Phrynobatrachus rungwensis
- Conservation status: Least Concern (IUCN 3.1)

Scientific classification
- Kingdom: Animalia
- Phylum: Chordata
- Class: Amphibia
- Order: Anura
- Family: Phrynobatrachidae
- Genus: Phrynobatrachus
- Species: P. rungwensis
- Binomial name: Phrynobatrachus rungwensis (Loveridge, 1932)
- Synonyms: Arthroleptis rungwensis Loveridge, 1932

= Phrynobatrachus rungwensis =

- Authority: (Loveridge, 1932)
- Conservation status: LC
- Synonyms: Arthroleptis rungwensis Loveridge, 1932

Species of frog

Phrynobatrachus rungwensis is a species of frog in the family Phrynobatrachidae. It is found in southeastern Democratic Republic of the Congo, central and northern Malawi, and east to southern and central Tanzania. It is also expected to occur in northeastern Zambia. Common names Rungwe puddle frog and Rungwe river frog have been coined for it. It is named after Mount Rungwe, its type locality.

==Description==
Adult males measure 17–18 mm (possibly as much 23 mm) and adult females 21–24 mm in snout–vent length. The tympanum is indistinct. The original species description (based on a single female) reported fingers and toes as tapered and not dilated, but middle toes have also been reported as being expanded into small discs, with circummarginal grooves sometimes present. The toes have some webbing. Females have throat that is blotched with brown, whereas the gular region in males is greyish or speckled. In preserved specimens, the dorsum is dusky brown and heavily overlaid with black. The venter is white.

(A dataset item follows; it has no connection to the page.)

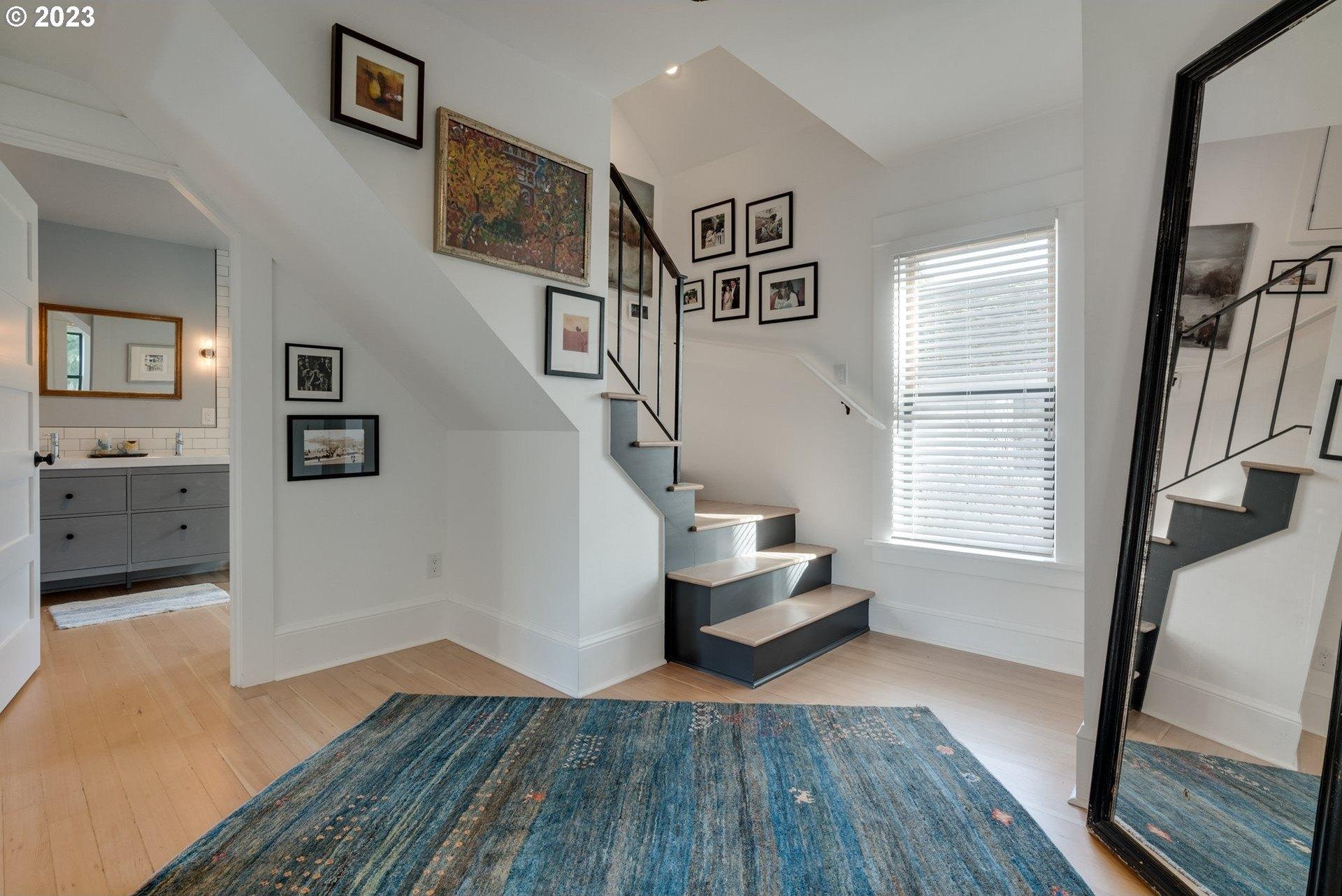 Se Nehalem St, Portland, OR 97202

==Habitat and conservation==
Phrynobatrachus rungwensis lives in miombo woodland savannas and open grasslands, including montane ones, at elevations of about 1000 to 2000 m above sea level. It is often found near grassy pools, puddles, and marshes, its presumed breeding habitat. It is a common species in suitable habitats and unlikely to face significant threats. It occurs in the Upemba National Park in the Democratic Republic of Congo, and likely in other protected areas too.